YOUR TASK – Repeat, line for line, the entries printed below.

DATA SHOWN –
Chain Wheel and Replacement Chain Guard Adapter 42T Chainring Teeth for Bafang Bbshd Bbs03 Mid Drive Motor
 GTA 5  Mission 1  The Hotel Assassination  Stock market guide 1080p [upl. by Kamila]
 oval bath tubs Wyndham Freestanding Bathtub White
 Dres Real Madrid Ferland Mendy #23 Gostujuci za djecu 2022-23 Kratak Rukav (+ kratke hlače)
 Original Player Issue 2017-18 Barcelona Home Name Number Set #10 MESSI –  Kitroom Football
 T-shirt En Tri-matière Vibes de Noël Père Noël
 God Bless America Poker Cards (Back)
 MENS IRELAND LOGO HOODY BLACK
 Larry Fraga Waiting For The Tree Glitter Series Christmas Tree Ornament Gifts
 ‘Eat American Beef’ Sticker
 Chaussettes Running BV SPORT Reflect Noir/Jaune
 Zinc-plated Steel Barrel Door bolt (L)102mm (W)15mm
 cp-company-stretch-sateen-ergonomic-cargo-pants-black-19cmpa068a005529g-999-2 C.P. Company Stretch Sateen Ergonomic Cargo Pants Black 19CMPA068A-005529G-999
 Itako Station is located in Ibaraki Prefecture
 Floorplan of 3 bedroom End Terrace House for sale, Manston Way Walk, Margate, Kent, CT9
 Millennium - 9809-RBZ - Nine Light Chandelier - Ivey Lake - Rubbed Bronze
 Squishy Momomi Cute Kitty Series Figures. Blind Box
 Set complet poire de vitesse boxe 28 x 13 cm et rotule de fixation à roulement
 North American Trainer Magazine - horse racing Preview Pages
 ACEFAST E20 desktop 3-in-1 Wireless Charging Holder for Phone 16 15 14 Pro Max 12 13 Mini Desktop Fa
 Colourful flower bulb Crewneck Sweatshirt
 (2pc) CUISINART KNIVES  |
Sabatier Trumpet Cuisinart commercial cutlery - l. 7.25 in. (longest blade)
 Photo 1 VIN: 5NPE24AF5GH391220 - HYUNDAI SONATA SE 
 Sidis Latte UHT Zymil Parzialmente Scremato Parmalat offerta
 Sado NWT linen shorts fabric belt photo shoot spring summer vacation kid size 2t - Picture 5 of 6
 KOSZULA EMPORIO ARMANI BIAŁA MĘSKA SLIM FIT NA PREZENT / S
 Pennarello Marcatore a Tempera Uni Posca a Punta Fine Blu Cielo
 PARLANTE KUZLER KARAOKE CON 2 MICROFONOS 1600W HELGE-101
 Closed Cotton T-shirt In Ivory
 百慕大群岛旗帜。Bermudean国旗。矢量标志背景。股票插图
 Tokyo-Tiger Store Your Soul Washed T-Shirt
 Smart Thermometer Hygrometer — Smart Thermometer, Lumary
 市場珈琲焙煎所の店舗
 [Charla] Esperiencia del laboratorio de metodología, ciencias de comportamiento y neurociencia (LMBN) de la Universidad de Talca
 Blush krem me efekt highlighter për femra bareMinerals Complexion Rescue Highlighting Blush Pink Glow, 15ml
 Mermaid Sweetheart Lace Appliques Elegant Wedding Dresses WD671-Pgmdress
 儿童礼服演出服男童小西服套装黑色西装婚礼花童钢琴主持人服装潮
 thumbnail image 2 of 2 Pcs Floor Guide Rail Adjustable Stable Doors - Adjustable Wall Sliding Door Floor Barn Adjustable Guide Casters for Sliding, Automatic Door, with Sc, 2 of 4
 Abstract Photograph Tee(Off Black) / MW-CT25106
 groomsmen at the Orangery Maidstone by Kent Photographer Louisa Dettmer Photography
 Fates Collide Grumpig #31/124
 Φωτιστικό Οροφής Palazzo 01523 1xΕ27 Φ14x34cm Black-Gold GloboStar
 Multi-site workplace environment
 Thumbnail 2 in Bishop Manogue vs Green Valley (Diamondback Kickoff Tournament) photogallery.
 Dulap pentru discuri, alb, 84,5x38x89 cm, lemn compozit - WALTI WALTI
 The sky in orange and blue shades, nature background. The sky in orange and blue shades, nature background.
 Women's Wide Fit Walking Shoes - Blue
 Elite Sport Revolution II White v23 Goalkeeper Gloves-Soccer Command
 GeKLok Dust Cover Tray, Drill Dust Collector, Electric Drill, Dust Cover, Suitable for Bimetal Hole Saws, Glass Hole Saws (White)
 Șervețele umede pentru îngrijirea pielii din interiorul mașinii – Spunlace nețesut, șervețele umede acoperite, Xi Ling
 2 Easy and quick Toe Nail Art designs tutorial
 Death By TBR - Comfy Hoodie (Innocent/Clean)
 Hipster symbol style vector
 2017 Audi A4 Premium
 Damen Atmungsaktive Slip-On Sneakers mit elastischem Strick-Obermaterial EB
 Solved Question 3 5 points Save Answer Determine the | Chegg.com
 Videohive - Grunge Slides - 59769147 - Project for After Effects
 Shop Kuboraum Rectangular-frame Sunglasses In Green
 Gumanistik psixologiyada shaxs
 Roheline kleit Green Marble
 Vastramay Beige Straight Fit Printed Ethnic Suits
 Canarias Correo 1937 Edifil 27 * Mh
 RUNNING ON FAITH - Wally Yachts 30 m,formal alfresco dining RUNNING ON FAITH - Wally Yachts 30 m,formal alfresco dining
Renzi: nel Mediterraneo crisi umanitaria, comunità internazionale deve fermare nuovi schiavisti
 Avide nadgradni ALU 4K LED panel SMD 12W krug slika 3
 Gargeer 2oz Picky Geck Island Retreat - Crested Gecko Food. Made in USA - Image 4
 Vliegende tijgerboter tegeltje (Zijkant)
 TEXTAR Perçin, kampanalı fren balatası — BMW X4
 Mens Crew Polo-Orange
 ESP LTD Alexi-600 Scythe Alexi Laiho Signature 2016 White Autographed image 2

EXERCISE SOLUTION –
Chain Wheel and Replacement Chain Guard Adapter 42T Chainring Teeth for Bafang Bbshd Bbs03 Mid Drive Motor
 GTA 5  Mission 1  The Hotel Assassination  Stock market guide 1080p [upl. by Kamila]
 oval bath tubs Wyndham Freestanding Bathtub White
 Dres Real Madrid Ferland Mendy #23 Gostujuci za djecu 2022-23 Kratak Rukav (+ kratke hlače)
 Original Player Issue 2017-18 Barcelona Home Name Number Set #10 MESSI –  Kitroom Football
 T-shirt En Tri-matière Vibes de Noël Père Noël
 God Bless America Poker Cards (Back)
 MENS IRELAND LOGO HOODY BLACK
 Larry Fraga Waiting For The Tree Glitter Series Christmas Tree Ornament Gifts
 ‘Eat American Beef’ Sticker
 Chaussettes Running BV SPORT Reflect Noir/Jaune
 Zinc-plated Steel Barrel Door bolt (L)102mm (W)15mm
 cp-company-stretch-sateen-ergonomic-cargo-pants-black-19cmpa068a005529g-999-2 C.P. Company Stretch Sateen Ergonomic Cargo Pants Black 19CMPA068A-005529G-999
 Itako Station is located in Ibaraki Prefecture
 Floorplan of 3 bedroom End Terrace House for sale, Manston Way Walk, Margate, Kent, CT9
 Millennium - 9809-RBZ - Nine Light Chandelier - Ivey Lake - Rubbed Bronze
 Squishy Momomi Cute Kitty Series Figures. Blind Box
 Set complet poire de vitesse boxe 28 x 13 cm et rotule de fixation à roulement
 North American Trainer Magazine - horse racing Preview Pages
 ACEFAST E20 desktop 3-in-1 Wireless Charging Holder for Phone 16 15 14 Pro Max 12 13 Mini Desktop Fa
 Colourful flower bulb Crewneck Sweatshirt
 (2pc) CUISINART KNIVES  |
Sabatier Trumpet Cuisinart commercial cutlery - l. 7.25 in. (longest blade)
 Photo 1 VIN: 5NPE24AF5GH391220 - HYUNDAI SONATA SE 
 Sidis Latte UHT Zymil Parzialmente Scremato Parmalat offerta
 Sado NWT linen shorts fabric belt photo shoot spring summer vacation kid size 2t - Picture 5 of 6
 KOSZULA EMPORIO ARMANI BIAŁA MĘSKA SLIM FIT NA PREZENT / S
 Pennarello Marcatore a Tempera Uni Posca a Punta Fine Blu Cielo
 PARLANTE KUZLER KARAOKE CON 2 MICROFONOS 1600W HELGE-101
 Closed Cotton T-shirt In Ivory
 百慕大群岛旗帜。Bermudean国旗。矢量标志背景。股票插图
 Tokyo-Tiger Store Your Soul Washed T-Shirt
 Smart Thermometer Hygrometer — Smart Thermometer, Lumary
 市場珈琲焙煎所の店舗
 [Charla] Esperiencia del laboratorio de metodología, ciencias de comportamiento y neurociencia (LMBN) de la Universidad de Talca
 Blush krem me efekt highlighter për femra bareMinerals Complexion Rescue Highlighting Blush Pink Glow, 15ml
 Mermaid Sweetheart Lace Appliques Elegant Wedding Dresses WD671-Pgmdress
 儿童礼服演出服男童小西服套装黑色西装婚礼花童钢琴主持人服装潮
 thumbnail image 2 of 2 Pcs Floor Guide Rail Adjustable Stable Doors - Adjustable Wall Sliding Door Floor Barn Adjustable Guide Casters for Sliding, Automatic Door, with Sc, 2 of 4
 Abstract Photograph Tee(Off Black) / MW-CT25106
 groomsmen at the Orangery Maidstone by Kent Photographer Louisa Dettmer Photography
 Fates Collide Grumpig #31/124
 Φωτιστικό Οροφής Palazzo 01523 1xΕ27 Φ14x34cm Black-Gold GloboStar
 Multi-site workplace environment
 Thumbnail 2 in Bishop Manogue vs Green Valley (Diamondback Kickoff Tournament) photogallery.
 Dulap pentru discuri, alb, 84,5x38x89 cm, lemn compozit - WALTI WALTI
 The sky in orange and blue shades, nature background. The sky in orange and blue shades, nature background.
 Women's Wide Fit Walking Shoes - Blue
 Elite Sport Revolution II White v23 Goalkeeper Gloves-Soccer Command
 GeKLok Dust Cover Tray, Drill Dust Collector, Electric Drill, Dust Cover, Suitable for Bimetal Hole Saws, Glass Hole Saws (White)
 Șervețele umede pentru îngrijirea pielii din interiorul mașinii – Spunlace nețesut, șervețele umede acoperite, Xi Ling
 2 Easy and quick Toe Nail Art designs tutorial
 Death By TBR - Comfy Hoodie (Innocent/Clean)
 Hipster symbol style vector
 2017 Audi A4 Premium
 Damen Atmungsaktive Slip-On Sneakers mit elastischem Strick-Obermaterial EB
 Solved Question 3 5 points Save Answer Determine the | Chegg.com
 Videohive - Grunge Slides - 59769147 - Project for After Effects
 Shop Kuboraum Rectangular-frame Sunglasses In Green
 Gumanistik psixologiyada shaxs
 Roheline kleit Green Marble
 Vastramay Beige Straight Fit Printed Ethnic Suits
 Canarias Correo 1937 Edifil 27 * Mh
 RUNNING ON FAITH - Wally Yachts 30 m,formal alfresco dining RUNNING ON FAITH - Wally Yachts 30 m,formal alfresco dining
Renzi: nel Mediterraneo crisi umanitaria, comunità internazionale deve fermare nuovi schiavisti
 Avide nadgradni ALU 4K LED panel SMD 12W krug slika 3
 Gargeer 2oz Picky Geck Island Retreat - Crested Gecko Food. Made in USA - Image 4
 Vliegende tijgerboter tegeltje (Zijkant)
 TEXTAR Perçin, kampanalı fren balatası — BMW X4
 Mens Crew Polo-Orange
 ESP LTD Alexi-600 Scythe Alexi Laiho Signature 2016 White Autographed image 2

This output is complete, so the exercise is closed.